Saturday, February 27, 2021

Hardware SAS Raid on the Raspberry Pi CM4

A few months ago, I posted a video titled Enterprise SAS RAID on the Raspberry Pi... but I never actually showed a SAS drive in it. And soon after, I posted another video, The Fastest SATA RAID on a Raspberry Pi.

Broadcom MegaRAID SAS storage controller HBA with HP 10K drives and Raspberry Pi Compute Module 4

Well now I have actual enterprise SAS drives running on a hardware RAID controller on a Raspberry Pi, and it's faster than the 'fastest' SATA RAID array I set up in that other video.

A Broadcom engineer named Josh watched my earlier videos and realized the ancient LSI card I was testing would not likely work with the ARM processor in the Pi, so he was able to send two pieces of kit my way:

After a long and arduous journey involving multiple driver revisions and UART debugging on the card, I was able to bring up multiple hardware RAID arrays on the Pi.

This blog post is also available in video form on my YouTube channel:

SAS RAID

But what is SAS RAID, and what makes hardware RAID any better than the software RAID I used in my SATA video?

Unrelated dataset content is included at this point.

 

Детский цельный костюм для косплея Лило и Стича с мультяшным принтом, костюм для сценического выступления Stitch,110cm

The drives you might use in a NAS or a server today usually fall into three categories:

  • SATA
  • SAS
  • PCI Express NVMe

All three types can use solid state storage (SSD) for high IOPS and fast transfer speeds.

SATA and SAS drives might also use rotational storage, which offers higher capacity at lower prices, though there's a severe latency tradeoff with that kind of drive.

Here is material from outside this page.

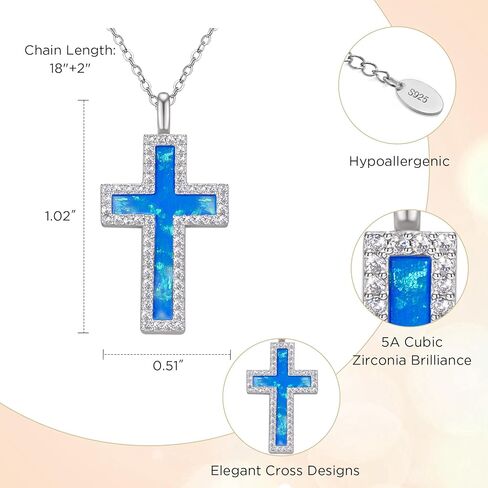 NORBU S925 Opal Cross Necklace for Women, Sterling Silver Opal Gemstone Womens Cross Necklaces, Cross Pendant with 5A Cubic Zirconia, Women's October Birthstone Jewelry Gifts for Birthday, Anniversary, Christmas in Saudi Arabia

RAID, which stands for Redundant Array of Independent Disks, is a method of taking two or more drives and putting them together into a volume that your operating system can see as if it were just one drive.

RAID can help with:

  • Redundancy: A hard drive (or multiple drives, depending on RAID type) can fail and you won't lose access to your data immediately.
  • Performance: multiple drives can be 'striped' to increase read or write throughput (again, depending on RAID type).

Extra caching configuration (to separate RAM or even to dedicated faster 'cache' drives) can speed up things even more than is possible on the main drives themselves, and hardware RAID can provide even better data protection with separate flash storage that caches write data if power is gone.

Caveat: If you can fit all your data on one hard drive, already have a good backup system in place, and don't need maximum availability, you probably don't need RAID, though.

I go into a lot more detail on RAID itself in my Raspberry Pi SATA RAID NAS video, so check that out to learn more.

Now, back to SATA, SAS, and NVMe.

All three of these describe interfaces used for storage devices. And the best thing about a modern storage controller like the 9460-16i is that you can connect to all three through one single HBA (Host-Bus Adapter).

If you can spend a couple thousand bucks on a fast PC with lots of RAM, software RAID solutions like ZFS or BTRFS offer a lot of great features, and are pretty reliable.

But on a system like my Raspberry Pi, software-based RAID takes up much of the Pi's CPU and RAM, and doesn't perform as well. (See this excellent post about /u/rigg77's ZFS experiment).

The fastest disk speed I could get with software mdadm-based RAID was about 325 MB/sec, and that was with RAID 10. Parity calculations may make that maximum speed even lower!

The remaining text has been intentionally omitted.